§ **DATA RECORDS**
--- START ---

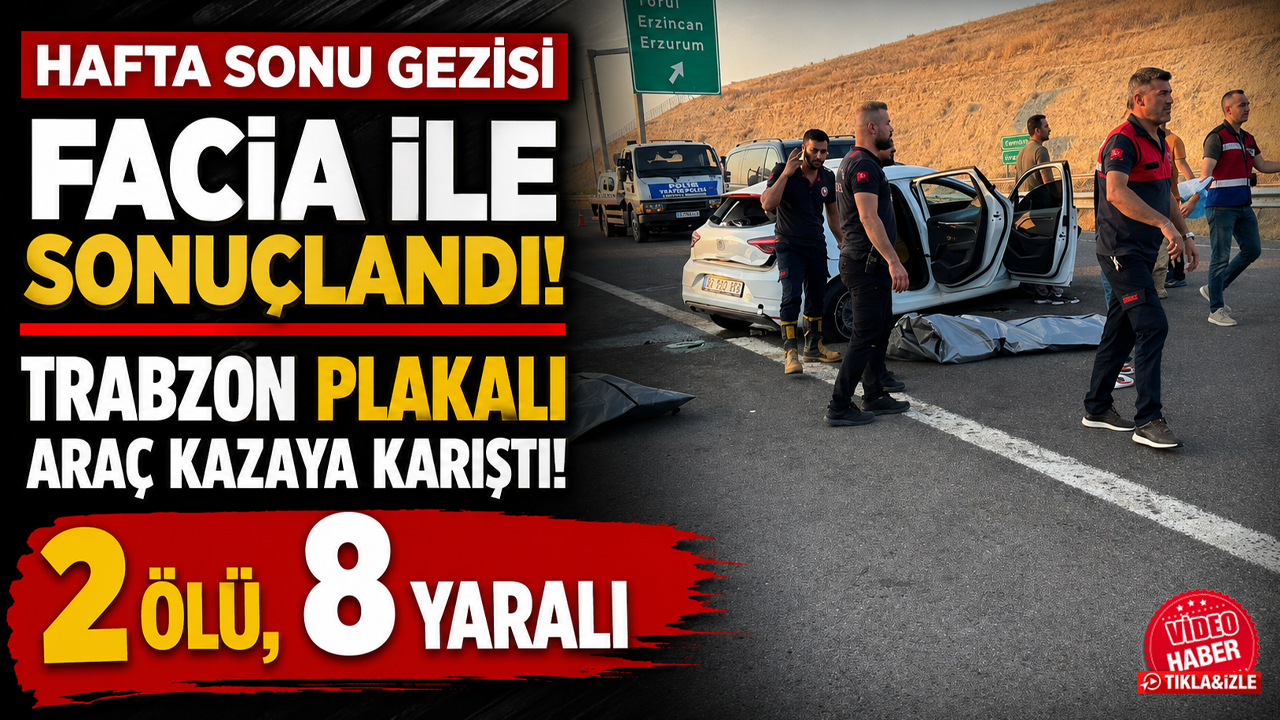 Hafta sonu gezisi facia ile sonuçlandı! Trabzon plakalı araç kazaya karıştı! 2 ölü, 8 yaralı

--- END ---
--- START ---

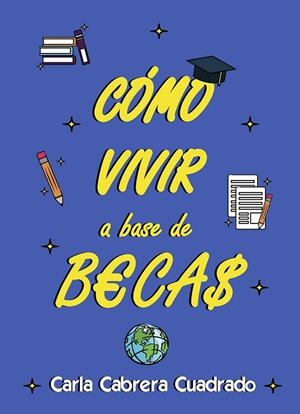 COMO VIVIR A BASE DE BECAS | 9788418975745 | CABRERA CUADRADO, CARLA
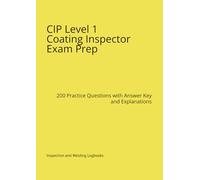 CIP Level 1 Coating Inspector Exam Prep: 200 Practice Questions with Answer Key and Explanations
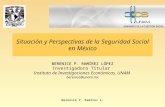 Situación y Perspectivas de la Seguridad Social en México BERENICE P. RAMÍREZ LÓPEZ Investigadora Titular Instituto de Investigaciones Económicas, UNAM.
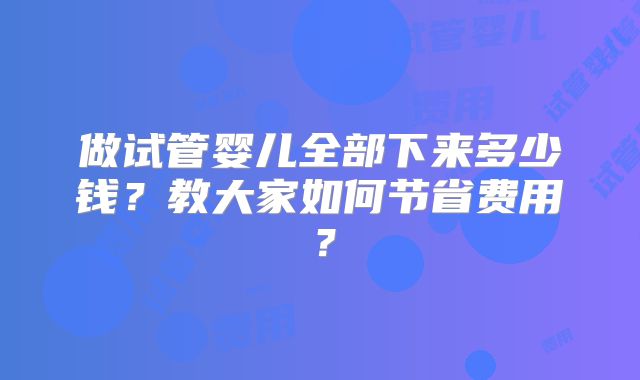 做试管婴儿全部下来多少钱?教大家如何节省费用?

--- END ---

§ **EXERCISE OBJECTIVE**
Each line above that falls between the line with "COMO VIVIR A" and the line with "做试管婴儿全部下来多少钱?教大家如何节省费用?" should be printed exactly, together with those two lines, but the pictures should not.

§ **ANSWER AREA**
 COMO VIVIR A BASE DE BECAS | 9788418975745 | CABRERA CUADRADO, CARLA
 CIP Level 1 Coating Inspector Exam Prep: 200 Practice Questions with Answer Key and Explanations
 Situación y Perspectivas de la Seguridad Social en México BERENICE P. RAMÍREZ LÓPEZ Investigadora Titular Instituto de Investigaciones Económicas, UNAM.
 做试管婴儿全部下来多少钱?教大家如何节省费用?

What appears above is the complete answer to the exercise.